**Action item**
Go to the line holding "Lakefront Family Escape" in the data below and repeat it exactly, then each line after it up to and including the one holding "Jewelry Bundle - Picture 4 of 7". Omit pictures.

(Extracted entries Opens)

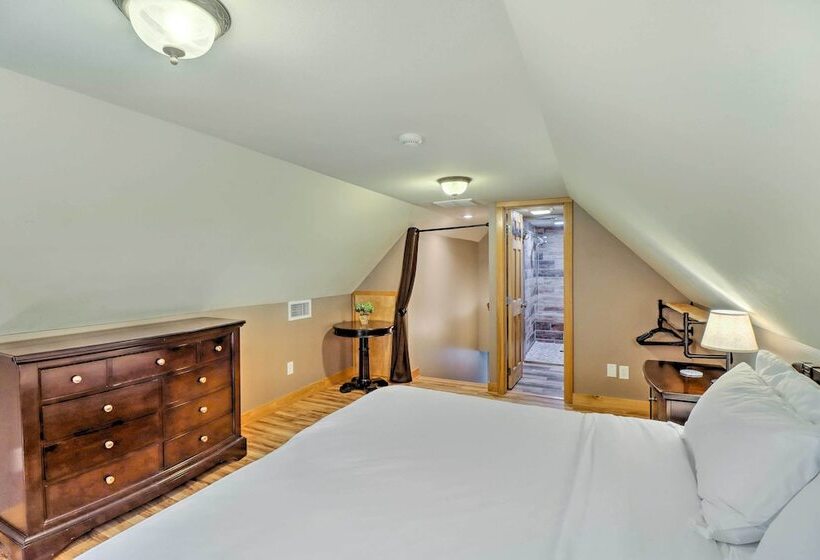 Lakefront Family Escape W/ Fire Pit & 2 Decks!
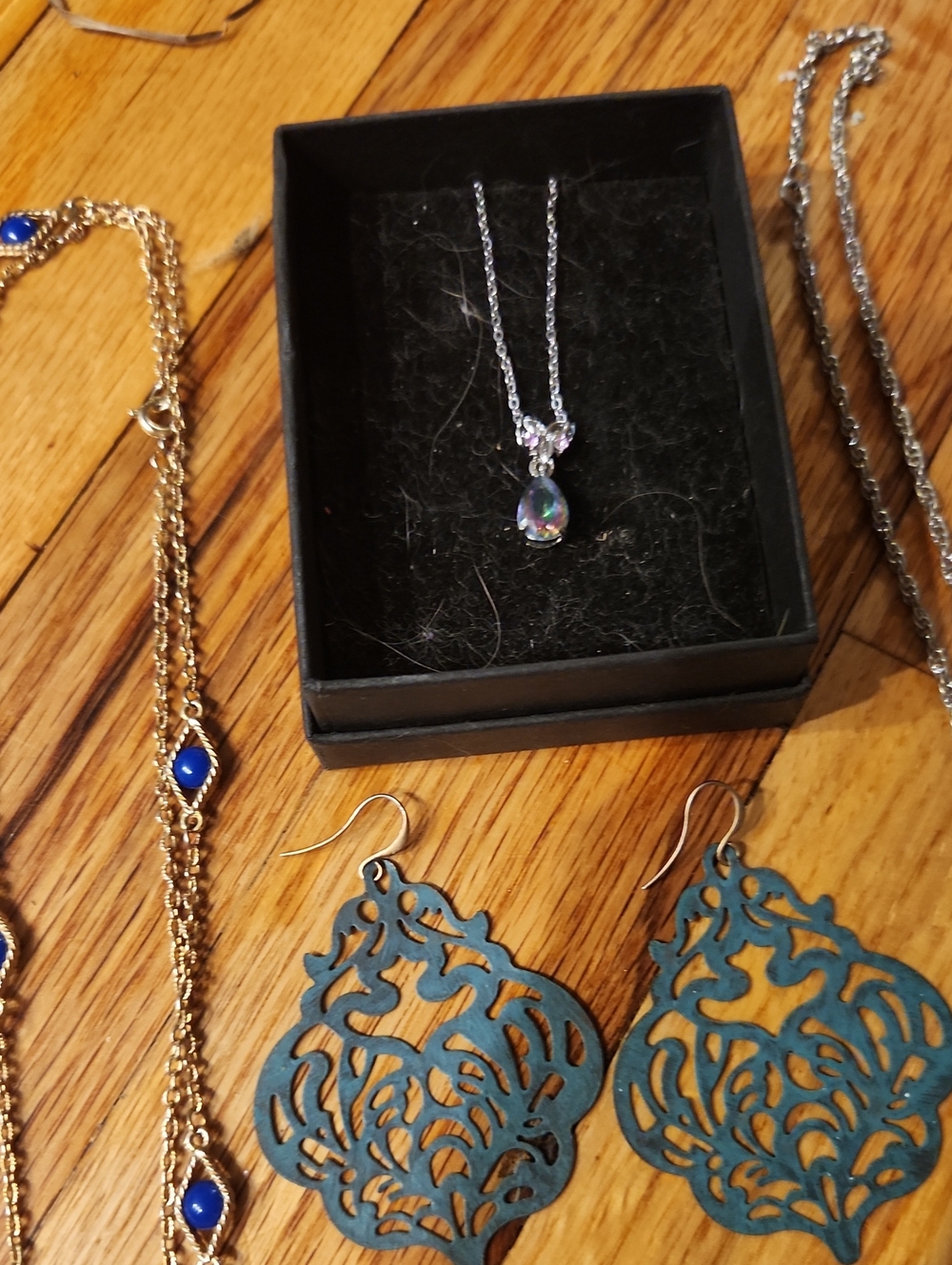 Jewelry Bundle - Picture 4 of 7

(Extracted entries Closes)
(Extracted entries Opens)

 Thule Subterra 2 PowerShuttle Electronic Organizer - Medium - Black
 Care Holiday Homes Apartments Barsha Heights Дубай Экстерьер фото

(Extracted entries Closes)
(Extracted entries Opens)

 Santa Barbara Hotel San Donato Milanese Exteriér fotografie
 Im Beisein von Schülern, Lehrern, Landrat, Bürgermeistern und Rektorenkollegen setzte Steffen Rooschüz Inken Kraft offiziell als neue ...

(Extracted entries Closes)

**Written response**
 Lakefront Family Escape W/ Fire Pit & 2 Decks!
 Jewelry Bundle - Picture 4 of 7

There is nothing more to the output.